* Task prompt
In the listing below, find the line with "Banana Republic Men's" and copy every line from there up to and including the line with "TCK Navy / X-Large", exactly and without pictures.

---- Exercise materials

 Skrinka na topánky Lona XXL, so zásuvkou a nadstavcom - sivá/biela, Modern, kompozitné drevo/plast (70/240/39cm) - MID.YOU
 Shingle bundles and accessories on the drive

--------
---- Exercise materials

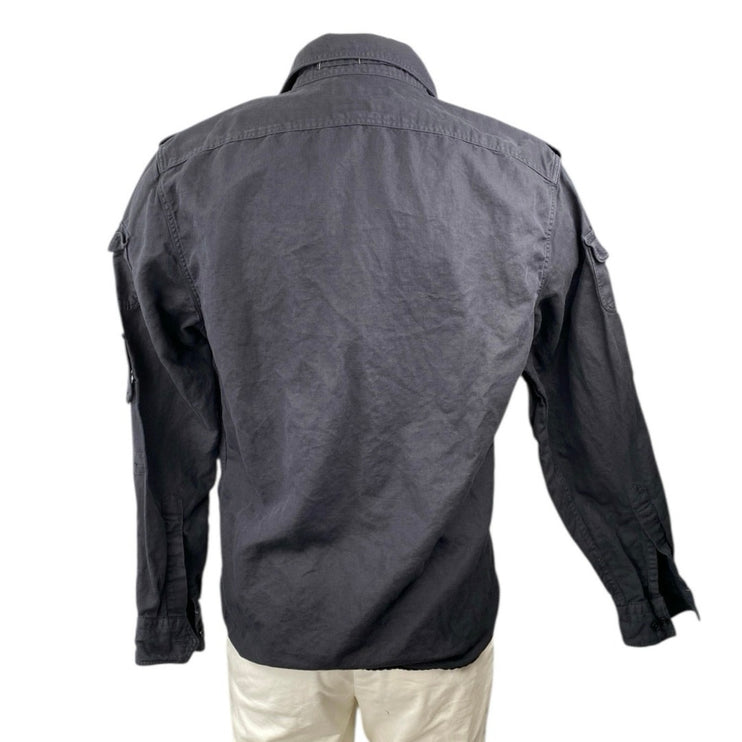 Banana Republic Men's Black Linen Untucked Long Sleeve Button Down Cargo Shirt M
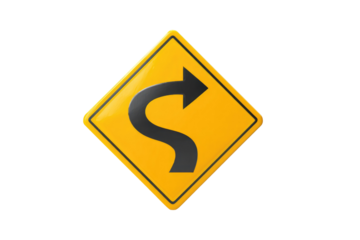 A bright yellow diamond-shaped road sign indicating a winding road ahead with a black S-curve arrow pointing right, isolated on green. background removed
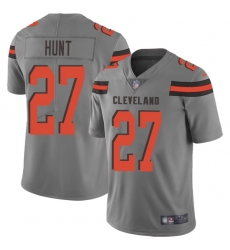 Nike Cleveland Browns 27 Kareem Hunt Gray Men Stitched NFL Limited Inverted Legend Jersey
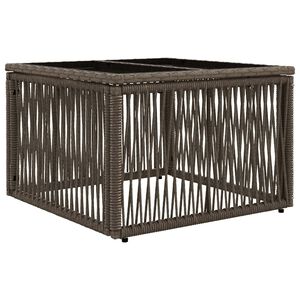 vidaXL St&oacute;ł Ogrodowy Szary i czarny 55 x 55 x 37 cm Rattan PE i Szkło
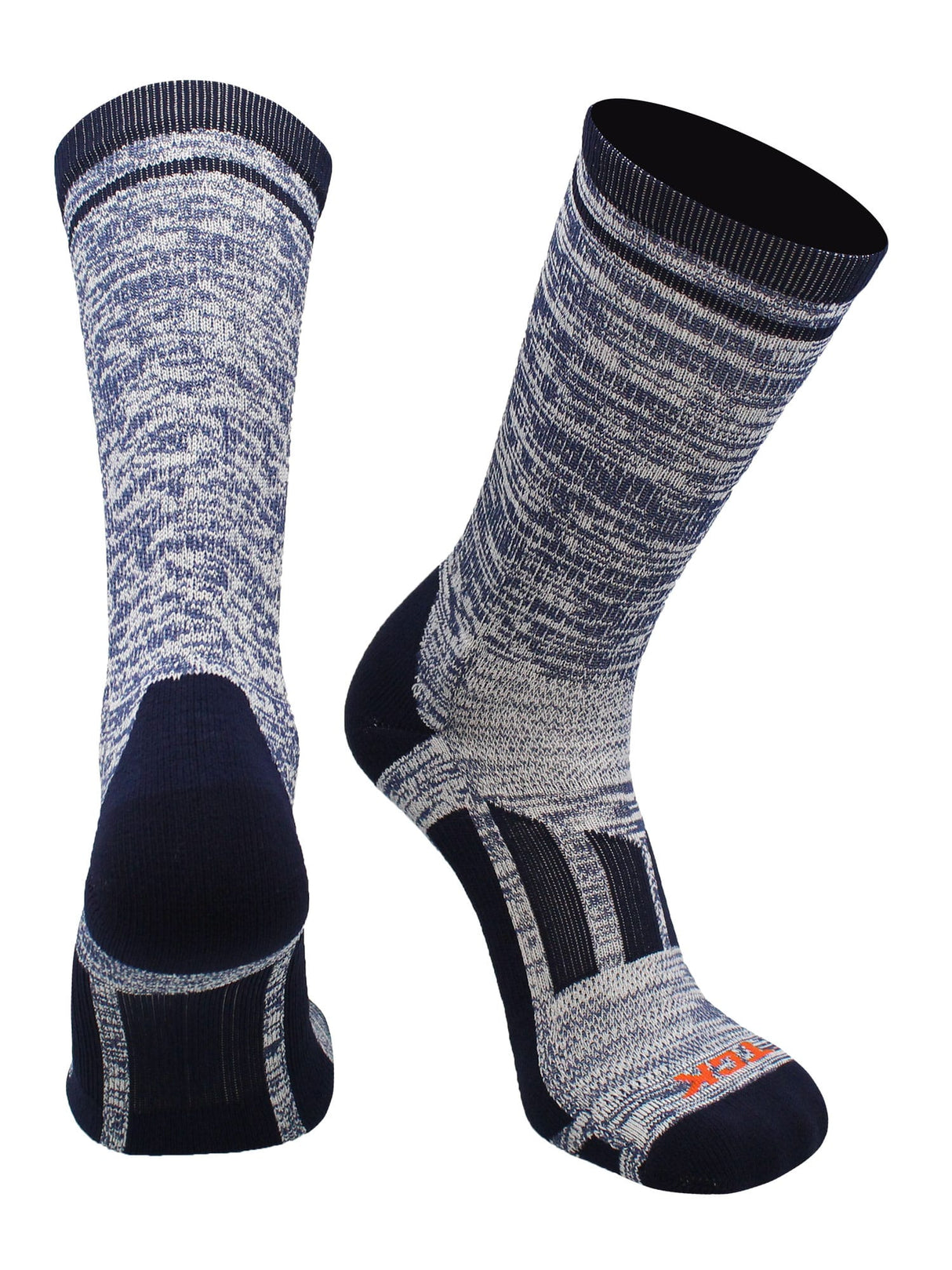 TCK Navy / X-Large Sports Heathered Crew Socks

--------

* Solved problem
 Banana Republic Men's Black Linen Untucked Long Sleeve Button Down Cargo Shirt M
 A bright yellow diamond-shaped road sign indicating a winding road ahead with a black S-curve arrow pointing right, isolated on green. background removed
 Nike Cleveland Browns 27 Kareem Hunt Gray Men Stitched NFL Limited Inverted Legend Jersey
 vidaXL St&oacute;ł Ogrodowy Szary i czarny 55 x 55 x 37 cm Rattan PE i Szkło
 TCK Navy / X-Large Sports Heathered Crew Socks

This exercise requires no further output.